> _LISTED ENTRIES_:
-=-=-
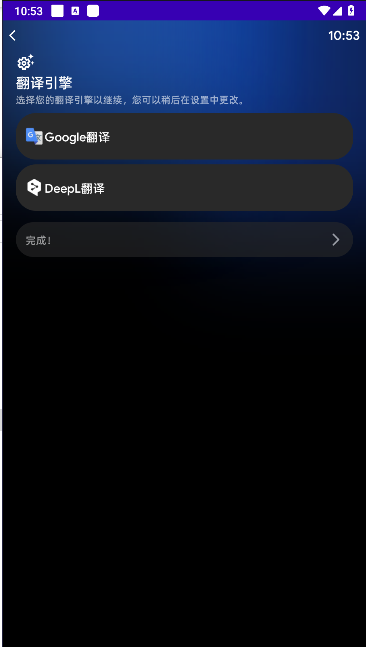 氩极随时译手表版v1.0.1-release(3)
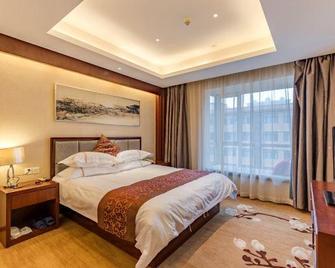 Junhe International Hotel - Bengbu - Habitación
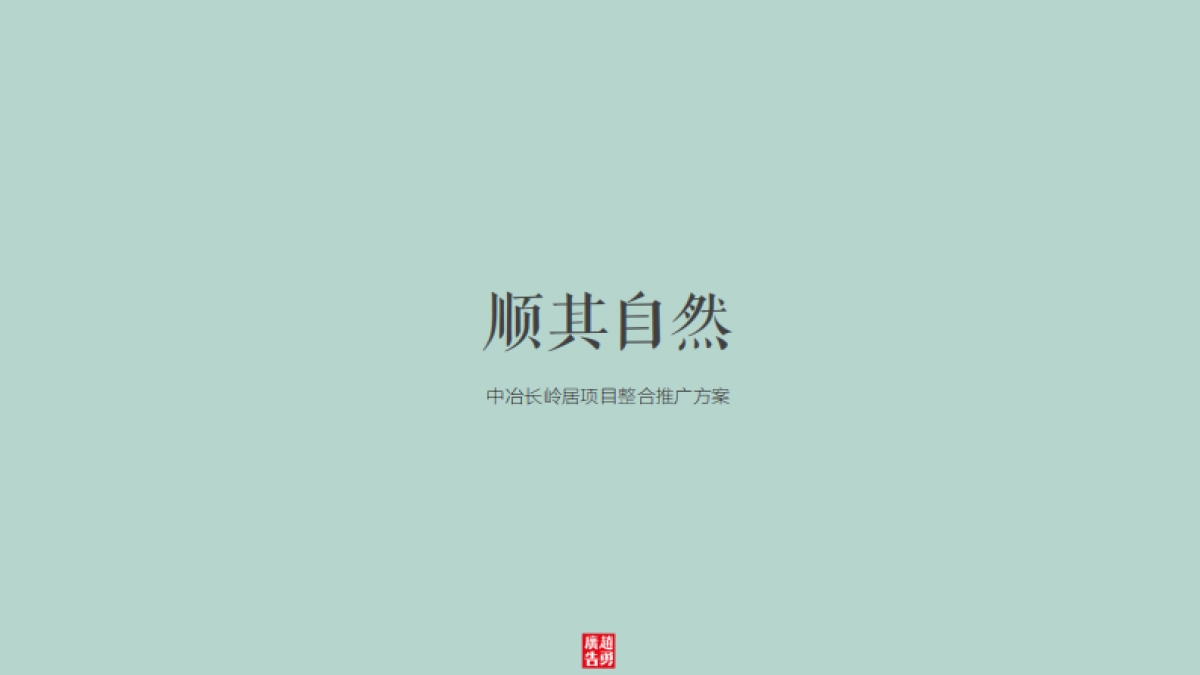 赵勇广告-中冶长岭居项目整合推广方案_第1页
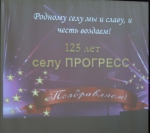 dsc04045.jpg - BlogSochi.Ru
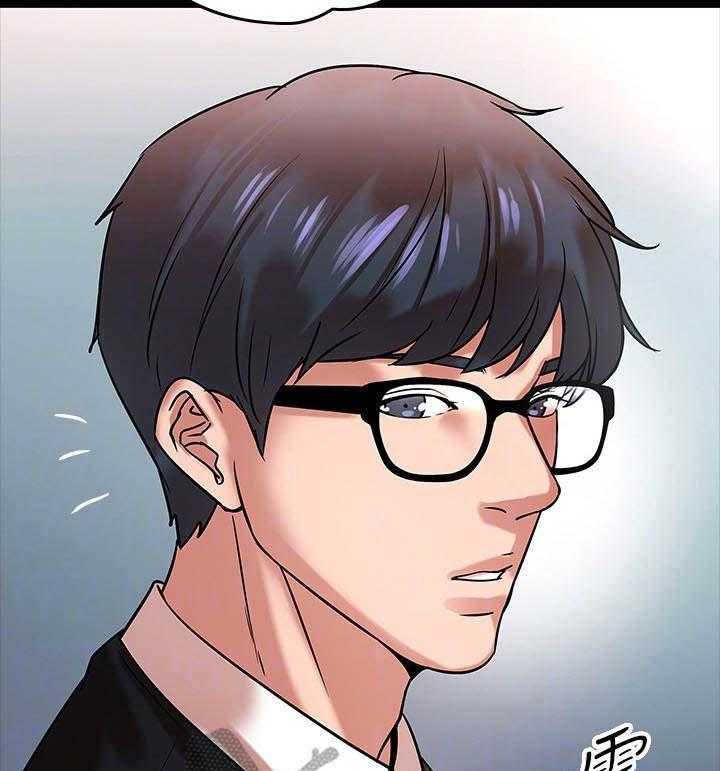《教授之约》第31话 31_开会 第10页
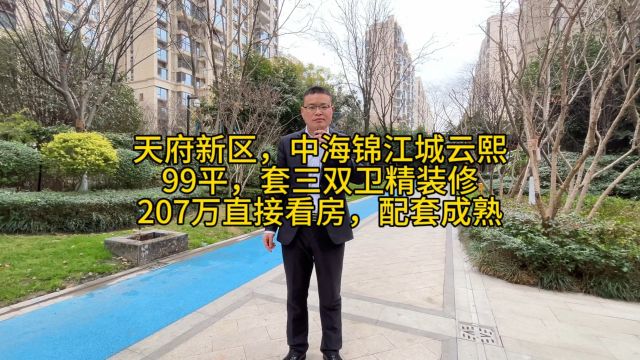 成都天府新区中海锦江城云熙 99平套三双卫朝南精装修,没住过 207万直接上车看房 天府四中,天府三小 中海环宇坊,万科里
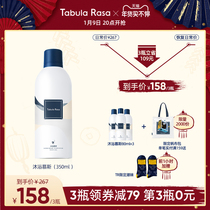 TabulaRasa shower gel amino acid TR wide noodle bath mousse female moisturizing bath long-lasting fragrance male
-=-=-
> _DIRECTIONS FOR THIS TASK_: Without including any picture, repeat the data exactly.

> _YOUR SOLUTION_:
 氩极随时译手表版v1.0.1-release(3)
 Junhe International Hotel - Bengbu - Habitación
 赵勇广告-中冶长岭居项目整合推广方案_第1页
 dsc04045.jpg - BlogSochi.Ru
《教授之约》第31话 31_开会 第10页
 成都天府新区中海锦江城云熙 99平套三双卫朝南精装修,没住过 207万直接上车看房 天府四中,天府三小 中海环宇坊,万科里
 TabulaRasa shower gel amino acid TR wide noodle bath mousse female moisturizing bath long-lasting fragrance male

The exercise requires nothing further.